In dem zu entscheidenden Fall hatte die alleinige Gesellschafterin und Geschäftsführerin in der erforderlichen, notariell beurkundeten Form eine GmbH mit einem Stammkapital von 25.000 Euro gegründet. Hierfür verwendete sie das Musterprotokoll für die GmbH-Gründung im vereinfachten Verfahren. An einer Stelle, nämlich bei der Regelung zum Gründungsaufwand, wich sie allerdings vom Musterprotokoll ab. Die vorgegebene Formulierung („Die Gesellschaft trägt die mit der Gründung verbundenen Kosten bis zu einem Gesamtbetrag von 300 €, höchstens jedoch bis zum Betrag ihres Stammkapitals.“) kürzte sie ab; sie ließ den Einschub „höchstens jedoch bis zum Betrag ihres Stammkapitals“ weg. Das Registergericht beanstandete dies. Die hiergegen gerichtete Beschwerde blieb ohne Erfolg.

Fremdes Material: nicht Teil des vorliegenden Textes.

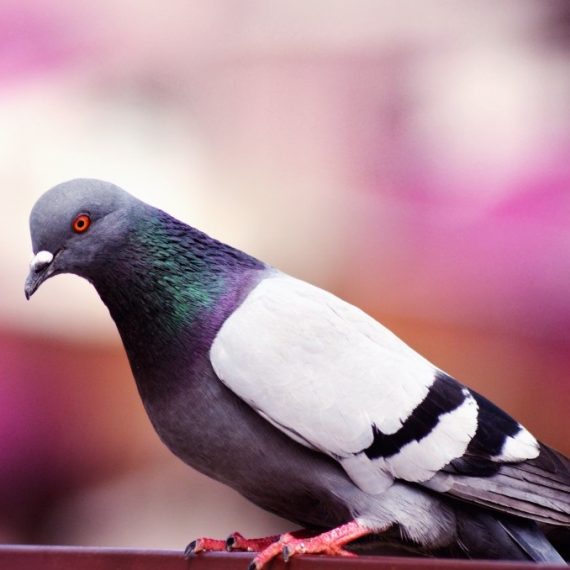 Birds, Pest Control in Camden Town, NW1. Call Now! 020 8166 9746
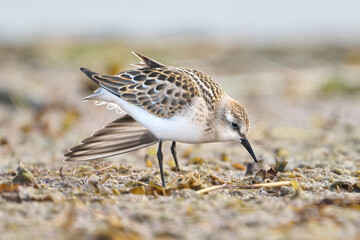 red winged blackbird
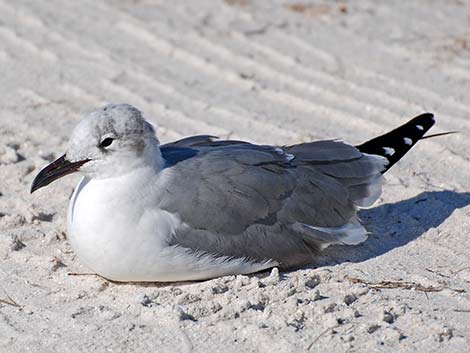 Laughing Gull (Leucophaeus atricilla)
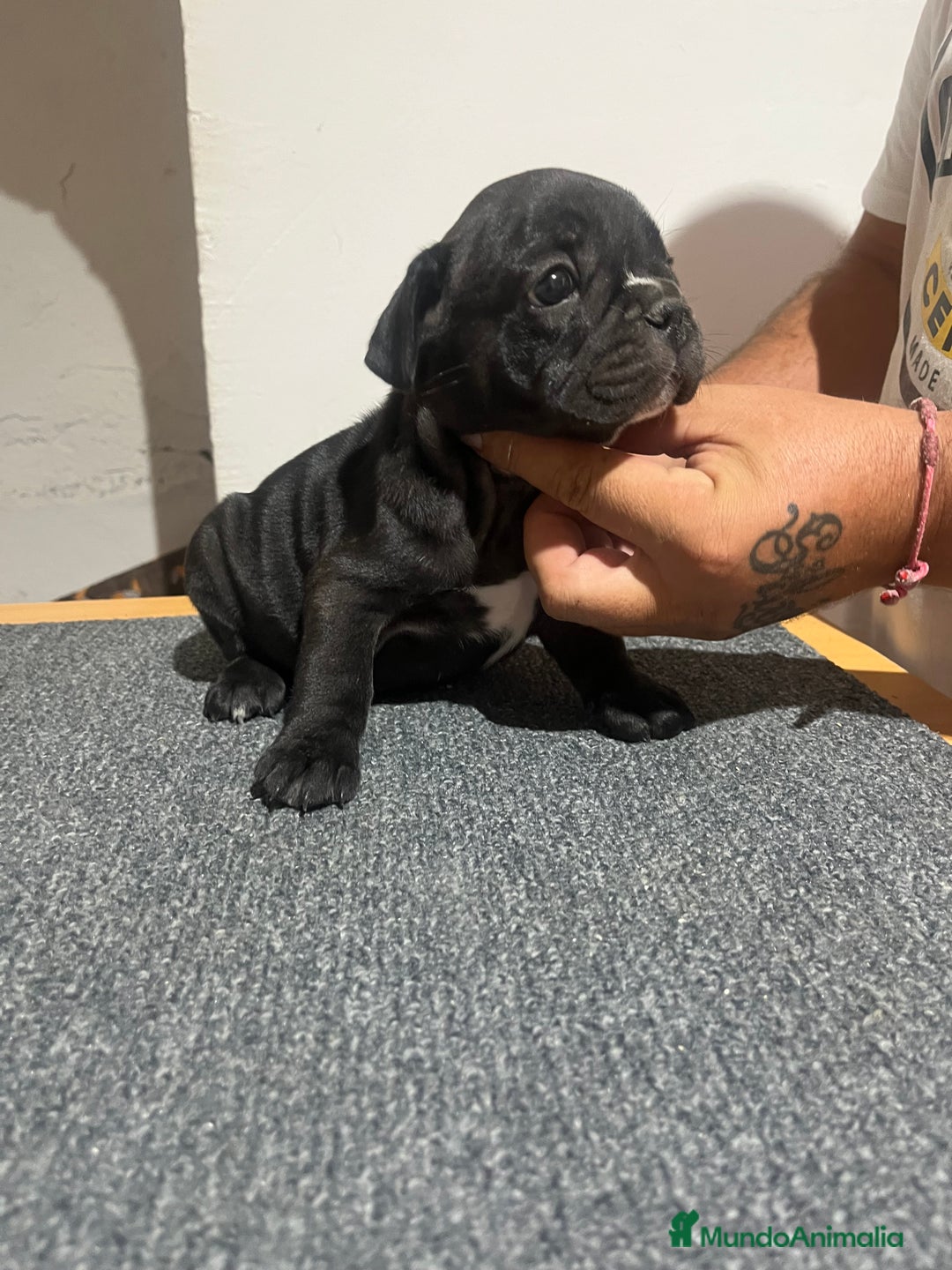 Bulldog Francés perros en venta: Bulldog francés  - Imagen 2
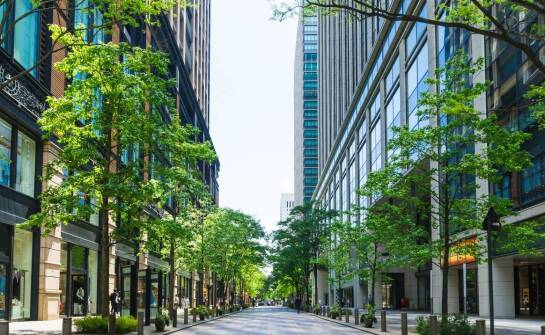 Geoinżynieria jako klucz do zrównoważonego rozwoju miejskiej infrastruktury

Das OLG Stuttgart teilte die Einschätzung des Registergerichts. Durch die Streichung des Satzteils sei das Musterprotokoll der vereinfachten Gründung inhaltlich verändert worden. Derartige Änderungen führten dazu, dass die Gründung nicht mehr als vereinfachte Gründung angesehen werden könne. Stattdessen läge eine „normale“ Gründung vor, die alle hierfür geltenden Vorgaben erfüllen müsse (zum Beispiel die Pflicht zur Einreichung einer separaten Gesellschafterliste). Es sei irrelevant, dass sich im konkreten Fall (das Stammkapital lag über 300 Euro) die Abänderung des Musterprotokolls auf die tatsächliche Kostenverteilung zwischen Gesellschaft und Gesellschafterin nicht auswirke.
IHK-Hinweis:
Die Möglichkeit, eine GmbH oder eine Unternehmergesellschaft (haftungsbeschränkt) in einem besonders schnellen Verfahren zu gründen (sog. vereinfachtes Verfahren gemäß § 2 Abs. 1a GmbHG), wurde 2008 mit dem Gesetz zur Modernisierung des GmbH-Rechts und zur Bekämpfung von Missbräuchen („MoMiG“) geschaffen. Intention war es, die deutsche GmbH im Vergleich zu den häufig leicht zu gründenden ausländischen Kapitalgesellschaften, wie der englischen Limited, attraktiver zu machen. Die GmbH-Gründung im vereinfachten Verfahren erfolgt auf Grundlage eines notariell zu beurkundenden Musterprotokolls, welches als Anlage dem § 2 Abs. 1a GmbHG beigefügt ist. Als eine Art Lückentext gibt dieses den Rahmen für die Gründung vor und fasst die sonst für die Gründung erforderlichen Unterlagen (Gründungsurkunde, Satzung, Gesellschafterliste) in einer Urkunde zusammen. Ziel ist eine möglichst schnelle und kostengünstige Gründung. Bei Verwendung des Musterprotokolls fallen geringere Notarkosten an als bei einer „normalen“ Gründung. Das Musterprotokoll reduziert die GmbH-Gründung auf wenige Punkte: Regelungen gibt es nur zu Firma, Sitz, Unternehmensgegenstand, Stammkapital, Gesellschafter, Geschäftsführerbestellung (zulässig ist nur die Bestellung eines Geschäftsführers, der zwingend von den Beschränkungen des § 181 BGB befreit ist) und Gründungsaufwand. Hierin liegt der wesentliche Nachteil des vereinfachten Verfahrens, denn von diesen Vorgaben darf nicht abgewichen werden (§ 2 Abs. 1a S. 3 GmbHG). Über das Musterprotokoll hinausgehende Regelungen oder Abweichungen hiervon sind also nicht möglich.